I have also a proof of completeness and consistency of the new code for detecting or-node cycles, to help us assure ourselves that the fix for #115 does address all issues related to or-node cycle testing, and does not open up any new ones. That is, the proof shows the fix does eliminate all or-node cycles, and does not eliminate any trees that do not contain or-node cycles. (I'll shortly write a comment in #115 pointing to the proof, which is in the CWeb code.)

Absent feedback to the contrary, I will close this issue in a couple of days.

Of course, if this, or similar, issues appear with the new version of Libmarpa, we can reopen this, or open a new issue, as appropriate.

jeffreykegler commented 2 years ago

There an apparent memory issue with the fix to #115: https://github.com/jeffreykegler/libmarpa/issues/115#issuecomment-1155795245. Since two issues seem to be related, I am stopping the "close countdown" on this issue until it is resolved.

jeffreykegler commented 2 years ago

Commit https://github.com/jeffreykegler/libmarpa/commit/25eb1da3a1c7d0d4db029bb0306eec7d42c4e9e2, which is the head of the "tested" branch, has a new fix for this and #115, without the memory issue.

jeffreykegler commented 2 years ago

I never did duplicate this, and I see no reason to do so now if the problem has gone away. There's no guarantee I'd succeed, and the time is, I think, better invested elsewhere.

@dabrahams Has the problem gone away? Any reason to keep this open?

dabrahams commented 2 years ago

The problem doesn't reproduce with a more recent libmarpa and that exact test case.

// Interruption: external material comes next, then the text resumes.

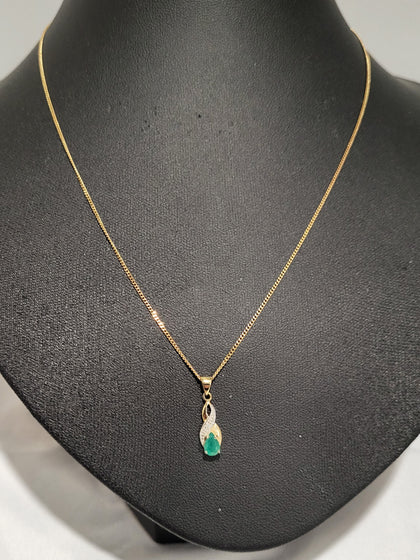 9ct Yellow Gold Necklace and Pendant with Gren Stone - 18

jeffreykegler commented 2 years ago

Per https://github.com/jeffreykegler/libmarpa/issues/116#issuecomment-1163319357 and https://github.com/jeffreykegler/libmarpa/issues/116#issuecomment-1163305674, and absent feedback to the contrary, I will close this issue after a couple of days.

jeffreykegler commented 2 years ago

Closed as per https://github.com/jeffreykegler/libmarpa/issues/116#issuecomment-1163324099.